■ Prompt: Below are the records; extract from them the line containing "Насос рабочего оборудования" to the line containing "vets treat hamsters too", both lines included, exactly and with no pictures.

■ Data extract:
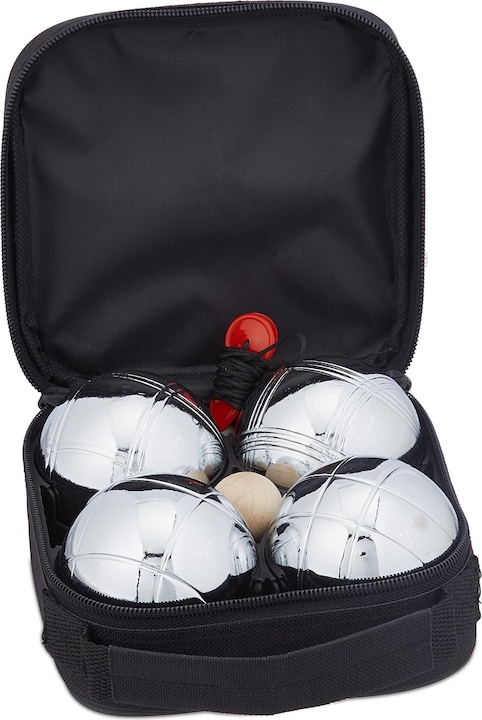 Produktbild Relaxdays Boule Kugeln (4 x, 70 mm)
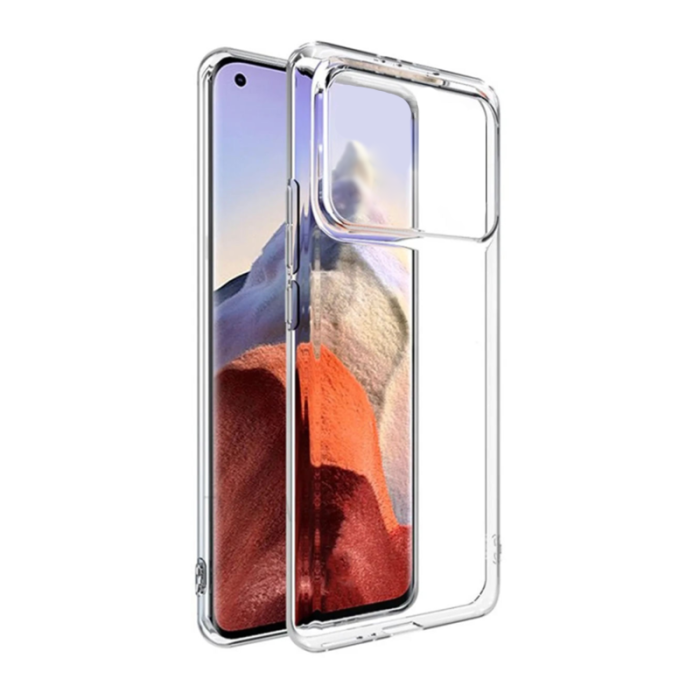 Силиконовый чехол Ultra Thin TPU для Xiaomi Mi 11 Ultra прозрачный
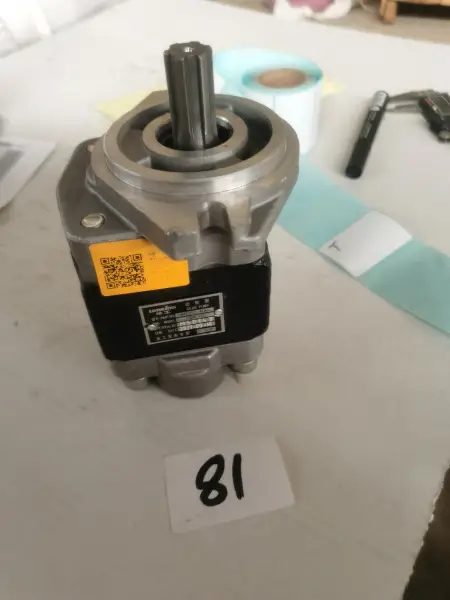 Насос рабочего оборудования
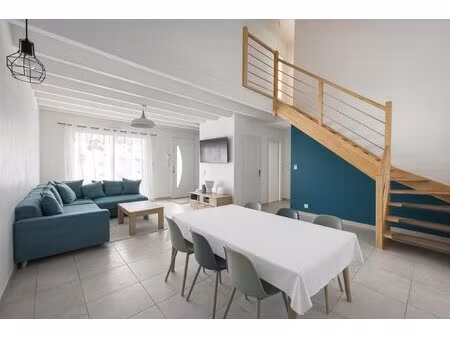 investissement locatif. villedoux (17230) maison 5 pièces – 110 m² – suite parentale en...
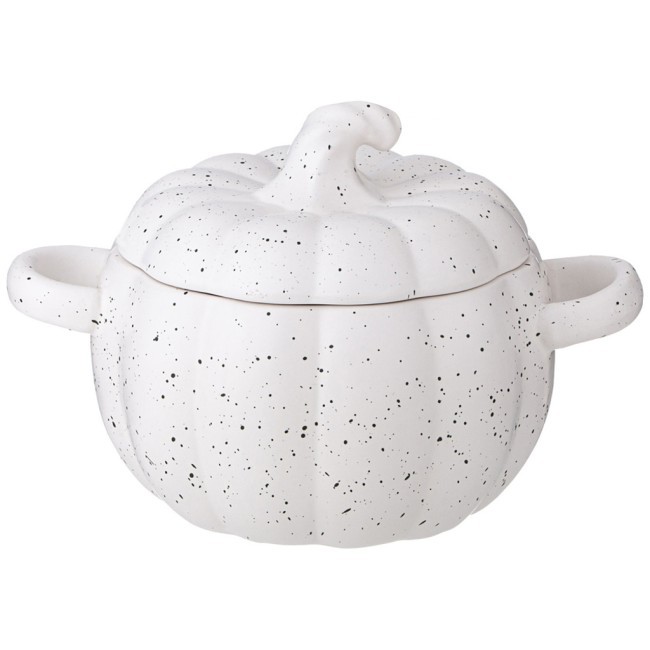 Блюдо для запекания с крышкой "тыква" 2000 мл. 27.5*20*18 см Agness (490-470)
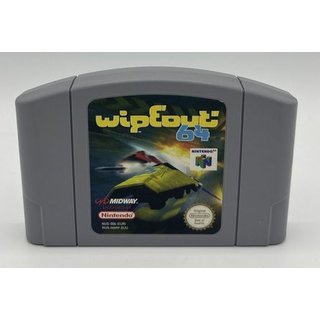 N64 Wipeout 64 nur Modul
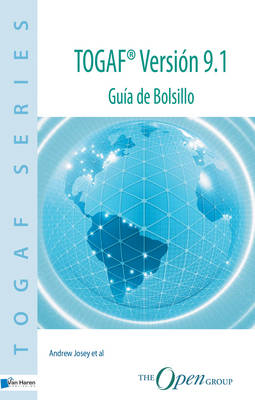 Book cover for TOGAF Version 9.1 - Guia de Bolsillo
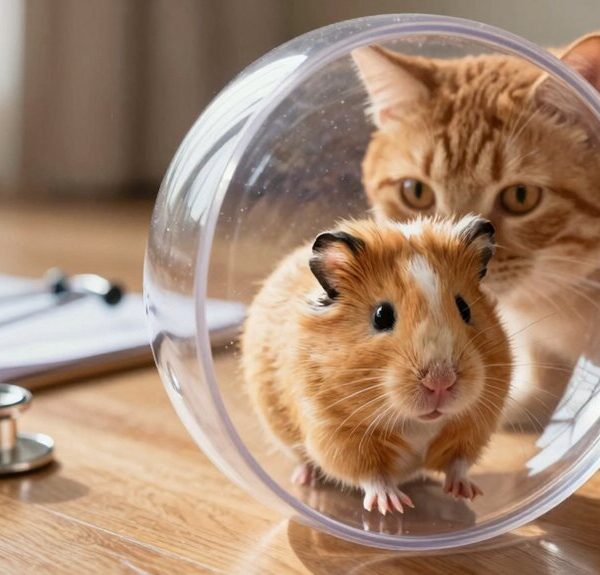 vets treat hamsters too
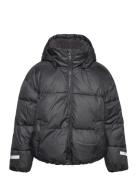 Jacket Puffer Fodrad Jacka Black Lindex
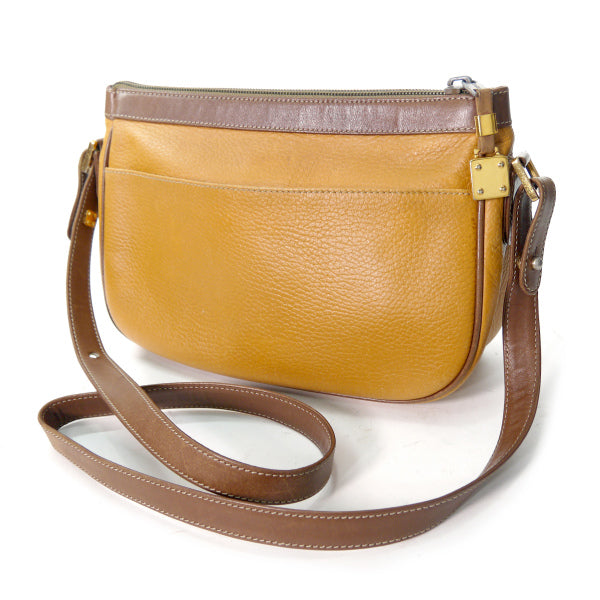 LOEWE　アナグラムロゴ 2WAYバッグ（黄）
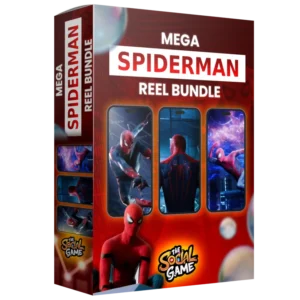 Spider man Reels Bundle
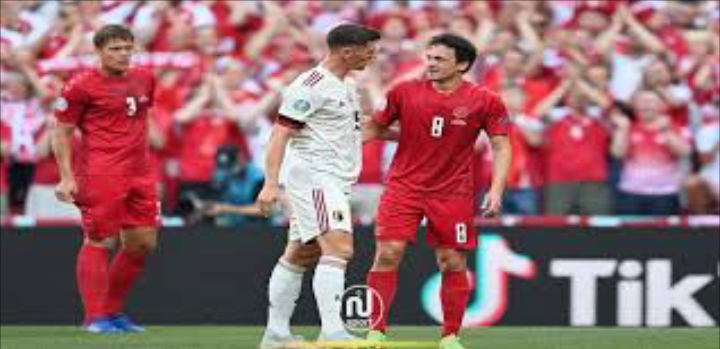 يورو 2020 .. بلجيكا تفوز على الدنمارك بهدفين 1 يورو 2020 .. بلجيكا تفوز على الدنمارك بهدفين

--

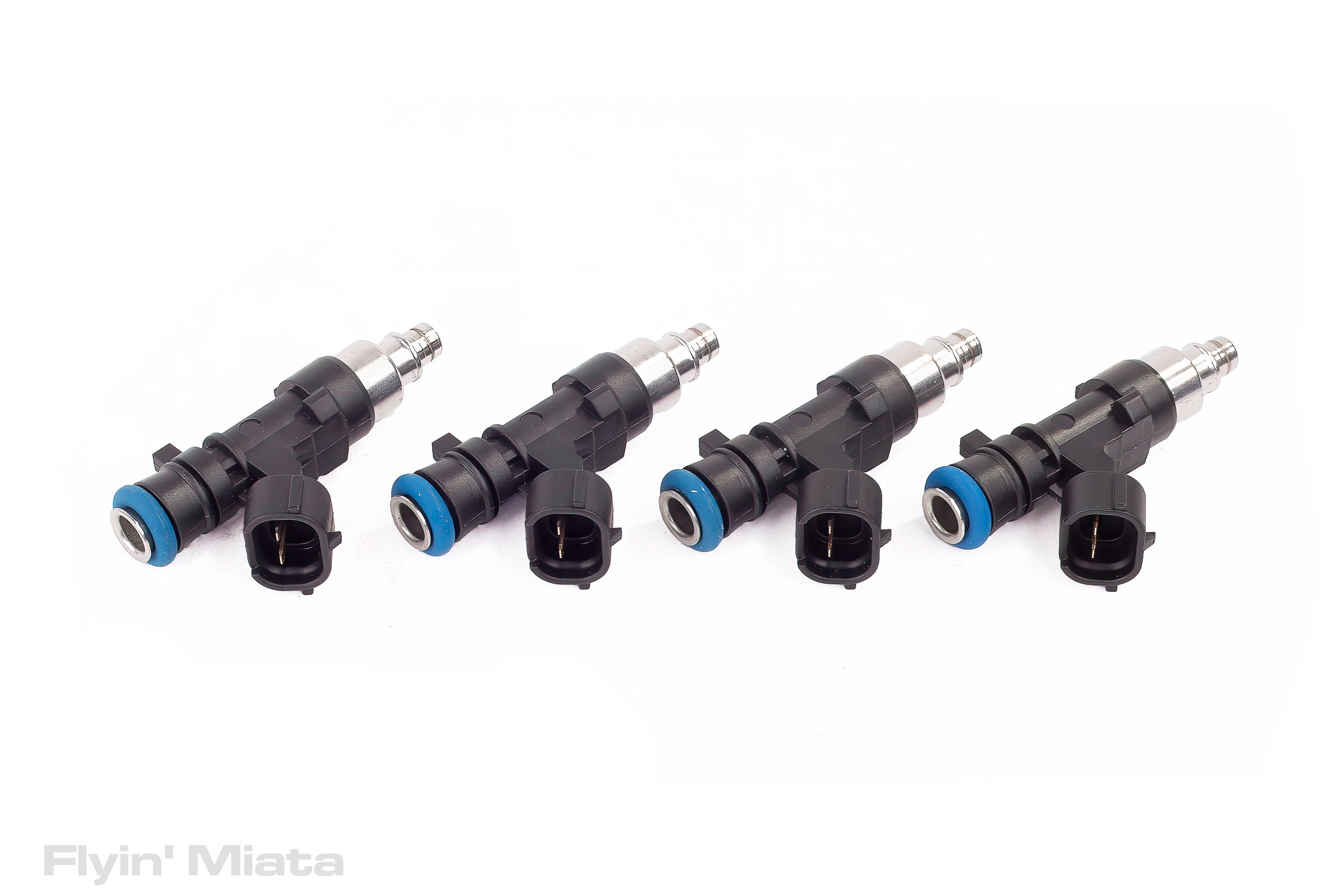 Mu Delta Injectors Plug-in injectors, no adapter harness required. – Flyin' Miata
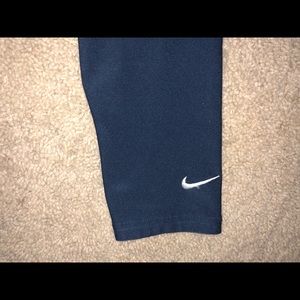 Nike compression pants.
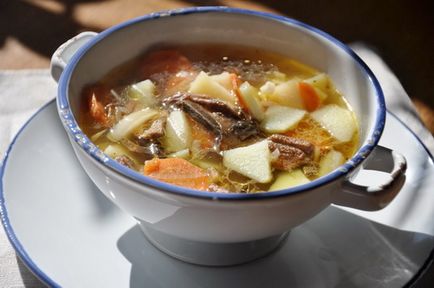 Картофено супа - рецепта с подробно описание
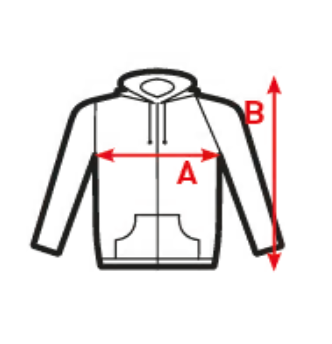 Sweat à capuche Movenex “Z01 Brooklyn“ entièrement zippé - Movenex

==

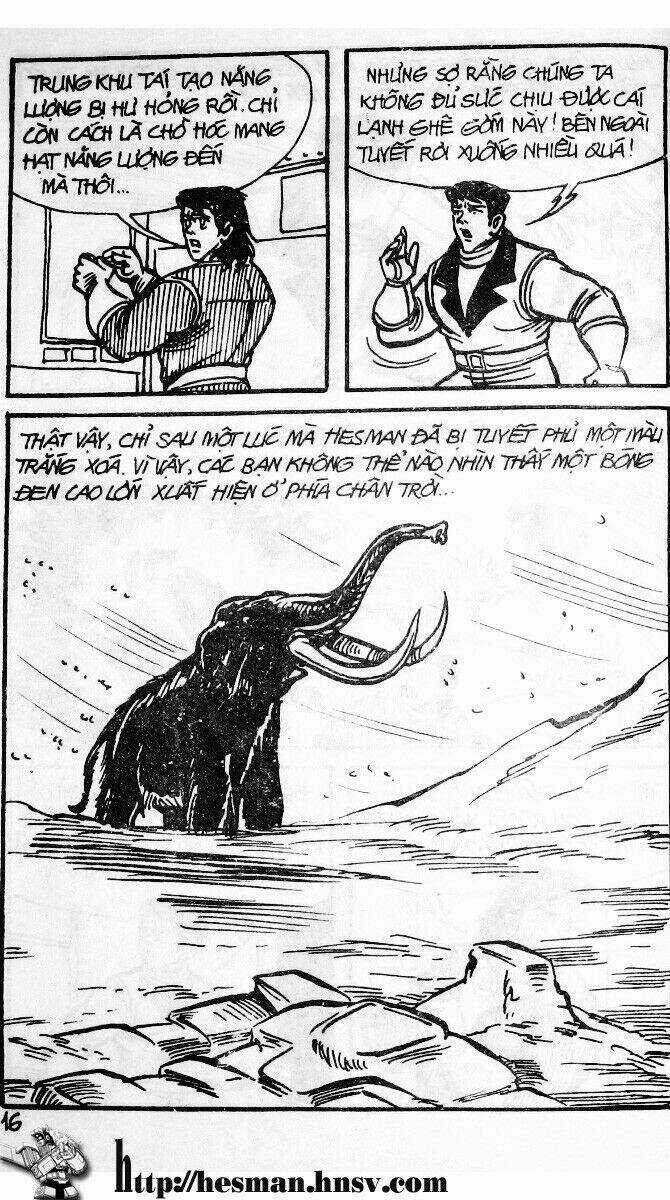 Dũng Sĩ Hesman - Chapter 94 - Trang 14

■ Response to the task:
 Насос рабочего оборудования
 investissement locatif. villedoux (17230) maison 5 pièces – 110 m² – suite parentale en...
 Блюдо для запекания с крышкой "тыква" 2000 мл. 27.5*20*18 см Agness (490-470)
 N64 Wipeout 64 nur Modul
 Book cover for TOGAF Version 9.1 - Guia de Bolsillo
 vets treat hamsters too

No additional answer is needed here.